Why the odd ball sizes? Sure would be cheaper to just reframe the wall so standard doors would fit.


----------



## heyjoe91 (Aug 27, 2012)

The roof slops in those areas so a larger door is not possible. I tried to get as much closet space as possible. I've seen really mini 6 panel doors at people's houses in the past but not sure where to get them.


----------



## joed (Mar 13, 2005)

If you go to a custom door manufacturer you should be able to get any size. The big box stores will not have the odd sizes.

Don't where you are located but this came up with google search. They build normal and custom sizes.

http://www.amberwooddoors.com/int-doors.html


----------



## Dwillems (Jul 14, 2011)

I'm not sure why home depot can't order them. I ordered my custom doors through them but they were 80" tall I believe. Maybe they gave you sizes they have in stock?


----------



## chrisn (Dec 23, 2007)

Definition of custom

*1. *Made to order.
*2. *Specializing in the making or selling of made-to-order goods:


----------



## rteggleston (Nov 13, 2021)

joecaption said:


> Why the odd ball sizes? Sure would be cheaper to just reframe the wall so standard doors would fit.


Sure would be easier if people could just answer the question without creating a different solution.


----------



## jeffnc (Apr 1, 2011)

rteggleston said:


> Sure would be easier if people could just answer the question without creating a different solution.

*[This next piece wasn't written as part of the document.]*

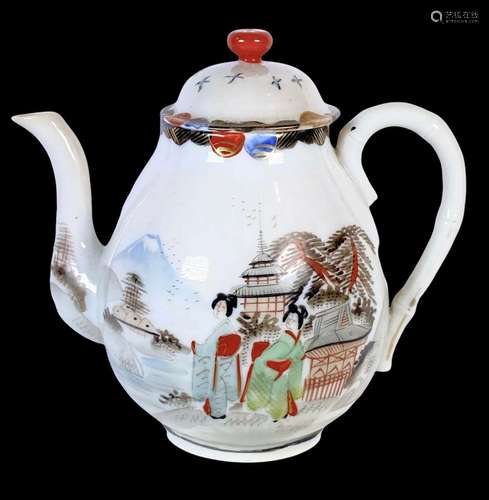 VTG Japanese Teapot GEISHA Gliding Hand Painted Bamboo Handl...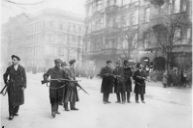 **Spartacist irregulars holding a street in Berlin**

I agree it's annoying sometimes, but to be fair a "different solution" is the best answer sometimes too.

I also don't understand why the doors can't be framed all the same width, for example 25" if necessary, otherwise this is going to start looking goofy pretty fast.

As far as the height is concerned, just cut the doors down. I don't see the problem. If hollow doors, cut out the solid piece at the bottom and reposition it at the bottom after cutting the door down, or build in your own solid piece. It's pretty normal in situations where the ceiling imposes. If you're talking about custom doors where the panels are smaller than the panels on your other doors so that you have full panels, then that just looks goofy for a different reason.

As far as the width, anybody with a saw and a router should be able to trim both sides of a door equally and remortise the hinges and door handle. All of this becomes easier with solid doors rather than hollow.


----------



## Mike Milam (Mar 3, 2017)

Home depot here will order an odd size. Or at least they used to. Cost about 35% more than standard but available.


----------



## Zulu Kono (Nov 2, 2021)

You can get whatever you want if you're willing to pay for it.


----------



## SPS-1 (Oct 21, 2008)

I expect by now, OP has resolved the problem.


----------



## chandler48 (Jun 5, 2017)

@franklin deeball you are responding to a 9 year old thread. The OP may not be active. Look at the dates.


----------